Finn wrote the music and lyrics and collaborated with James Lapine on the book inspired by an alarming episode in Finn's own life. In A New Brain, we meet a composer named Gordon who is stuck writing songs for a kiddie show starring one Mr. Bungee, an irascible man in a frog suit. If Gordon thinks he's miserable now, things are about to get worse: One day, he collapses face-down into his lunch and is diagnosed with a brain ailment. Surgery could cure him, or it could kill him.
Gordon has plenty of intimates who rally to his support: his mother, Mimi, who is determinedly cheerful around her son while secretly fearing the worst; his lover, Roger, who struggles to draw closer to Gordon, even as Gordon in his despondency gently pushes him away; and his friend and agent, Rhoda, a no-nonsense force of life.
We meet the medical team, a somewhat arrogant doctor and two nurses (one "thin," the other "nice"). There's also a minister, whose main job is to sing harmony; a homeless woman who cadges change outside Gordon's apartment; and Mr. Bungee, whose hallucinatory appearances alternately torment Gordon and motivate him to pull through.
Since a fair amount of the show takes place in Gordon's disrupted mind, Finn and Lapine may be forgiven for delivering a not-entirely coherent story; some of the scenes seem too much like filler and diversion, although in the end, they do support the show's themes, which revolve around the need for hope and the importance of what the homeless woman is always demanding: change.

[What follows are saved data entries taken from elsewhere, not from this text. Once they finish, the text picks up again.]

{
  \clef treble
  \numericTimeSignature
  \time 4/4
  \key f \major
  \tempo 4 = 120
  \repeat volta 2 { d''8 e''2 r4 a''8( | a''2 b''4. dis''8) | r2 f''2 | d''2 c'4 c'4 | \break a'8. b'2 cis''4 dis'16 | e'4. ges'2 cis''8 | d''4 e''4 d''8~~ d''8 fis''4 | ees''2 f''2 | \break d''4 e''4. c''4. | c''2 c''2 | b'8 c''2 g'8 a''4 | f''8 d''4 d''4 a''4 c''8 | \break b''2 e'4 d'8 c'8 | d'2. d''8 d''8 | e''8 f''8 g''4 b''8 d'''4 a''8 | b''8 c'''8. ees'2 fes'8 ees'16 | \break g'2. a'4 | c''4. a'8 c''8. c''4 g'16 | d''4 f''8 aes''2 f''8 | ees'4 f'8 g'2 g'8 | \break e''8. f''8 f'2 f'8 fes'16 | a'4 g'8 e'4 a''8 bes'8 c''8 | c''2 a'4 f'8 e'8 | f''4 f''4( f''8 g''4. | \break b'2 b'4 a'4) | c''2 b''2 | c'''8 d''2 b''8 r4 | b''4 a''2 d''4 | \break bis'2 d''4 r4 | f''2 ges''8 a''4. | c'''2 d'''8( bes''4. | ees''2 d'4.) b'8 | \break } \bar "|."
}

Recent University of Arizona graduate Ben Crawford is terrific as Gordon; he's a fine singer and actor both, effortlessly conveying Gordon's self-pity without turning whiny. This may be the first time Crawford has been able to smile onstage without menace; he's played John Wilkes Booth in Assassins, Riff-Raff in Rocky Horror, Billy Bigelow in Carousel, Audrey II in Little Shop of Horrors, Jud in Oklahoma--you get the idea. Gordon is the most complex and real character Crawford has yet played, and Crawford slips into the role with comfort and ease.
Walter Belcher is equally fine as Roger, instantly establishing what seems like a longstanding affectionate rapport with Crawford's Gordon and, as always, proving to be one of Tucson's most likeable all-around entertainers. Betty Craig is outstanding as Mimi, Gordon's mother who is both classy and Jewish, with all that those two words imply when connected to the word "mother." Craig's defining moment comes late in her first solo, when she oh-so-briefly reveals the anguish hidden behind her determinedly cheerful admonitions to Gordon. It's hard to do this without seeming to flip an emotional light switch, but Craig accomplishes it with subtlety and precision.

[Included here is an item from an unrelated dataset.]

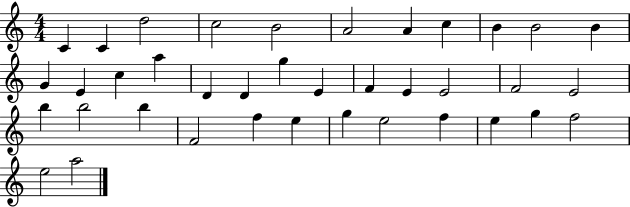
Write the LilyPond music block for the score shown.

You can continue down the cast list and find much to praise and nothing to scold in each player, including Jessica Dorman's lively and encouraging Rhoda, and especially Diane Thomas as the bag lady, who has a standout number late in the show and who never, ever slips into caricature.
And that's the key to these performances guided by the sure hand of Carol Calkins: no histrionics, no showbiz artificiality, just many-shaded emotions that always seem true.
Chris Wingert leads a fine, well-balanced band that plays almost without stop through the 95-minute show. K.D. Jones' sets are a bit more elaborate than in this company's earlier productions, but still display the versatility of simplicity, and work in fine partnership with Erik Michael's lighting design, carefully keyed to the shifting tone and emotion of each number.
A New Brain is yet another triumph for Arizona Onstage Productions. It's an intricate, perfectly calibrated show that will surprise people who believe that musical theater isn't brain surgery.